第9話:母へのトラウマ

 このままだと一之瀬いちのせさんが死ぬ。会長はそう言った。


「ど、どういうことですか?」

 おれは会長の説明を待つ。

 いきなり「一之瀬さんが死ぬ」と言われて正直ついていけなかった。

 一方で一之瀬さんがなにか体調に問題を抱えていることも薄々気付いてもいた。


 会長は、動揺するおれを眺めて楽しげに笑った。

 カチンときた。

「なに笑ってんですか」

「いや、すまない。君の反応が初々しくてね。むかしを思い出した」


 話を戻そう。会長は真面目な表情になった。

「君は大きなルールについては知っているかな? 『カロリーがもらえると仕事ができる』『仕事をするとカロリーがもらえる』というものだ」

「ええ、まあ」

「仕事にはいろいろあるが、異能もそのひとつだ。そして使用することでカロリーを消費する。ここまではいいね?」

「ええ、まあ、そうでしょうね。わかります」

「しかしだ。一之瀬君は異能によるカロリー消費量が大きすぎるのさ。ゆえに強力。ゆえに危険。本人にとってもね」

「そんなこと言われたって」


 おれは続く言葉を飲み込んだ。話のスケールが大きすぎる。正直、おれの手には負えない。一之瀬さんが死ぬ? そんなこと言われたって。


 瞬間、脳裏に閃く光景。

 急激に衰えてゆく母さん。食べても食べてもやせてゆく。口いっぱいに食べ物をほおばる母さんのまわりにはゴミ、ゴミ、ゴミ。大量のゴミ。ハエがたかる。

 もっと。もっと。母さんは満足を知らなかった。

 頭のなかにあるのは食べ物のことだけ。もうおれが息子ということもわからなくなっていた。
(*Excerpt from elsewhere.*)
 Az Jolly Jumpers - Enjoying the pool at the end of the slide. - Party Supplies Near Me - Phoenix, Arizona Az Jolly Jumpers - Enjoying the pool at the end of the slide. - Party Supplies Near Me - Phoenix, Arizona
 口、大きな口が、おれの記憶にはっきりと刻まれた。汚れた唇が。食べ物をかみ切る歯が。口のまわりをなめようとうごめく舌が。

 母さんが母さんでなくなった姿が。


 息子の前では完璧な人だった。

 おれが自分の息子だとわかっているあいだは。


 おれは逃げ出した。


「そもそもカロリーってなんなんですか? おれのイメージしてたものとだいぶちがうんですが」

 やっとのことで疑問を口にした。そのときにはだいぶ時間が経っていた。


 会長が答える前にみか姉が戻ってきた。さあ、早く。

 促されておれは生徒会室を出た。

 ――このままでは一之瀬さんが死ぬ。

 会長の言葉が呪いのように尾を引いていた。



 小学校のグラウンドには、すでに大小のテントや調理器具などが設置されていた。手際の良いことである。生徒会メンバーによるものらしい。
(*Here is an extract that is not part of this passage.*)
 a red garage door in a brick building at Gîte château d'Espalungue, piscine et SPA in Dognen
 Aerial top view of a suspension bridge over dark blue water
 すでにあたり一帯の避難は終わっていて、子どもの声などは聞こえない。静かなものだ。


「しっかし暑いな」

 おれはペットボトルの水を飲みながらぼやく。

 夕暮れが近いというのに気温はまだ30度を超えている。

 アスファルトの臭いが強烈な真夏日だ。


 風が吹いているのがせめてものの救いかも。川沿いだけあって風の通りはいいらしい。

 周囲に高い建物はなく、この小学校がもっとも見晴らしがいい。すでに生徒会メンバーの一部が狙撃銃を持って屋上に展開した。このあたり一帯はいわゆるオープンフィールドとでも言おうか、狙撃銃にとって格好の舞台だ。


 モンスター・シイタケオはまだ動き出してはいないらしい。もし実際に進軍するとすれば、この小学校へまっすぐやってくるという。この風に乗って胞子があちこちに飛んでゆくことも考えられる。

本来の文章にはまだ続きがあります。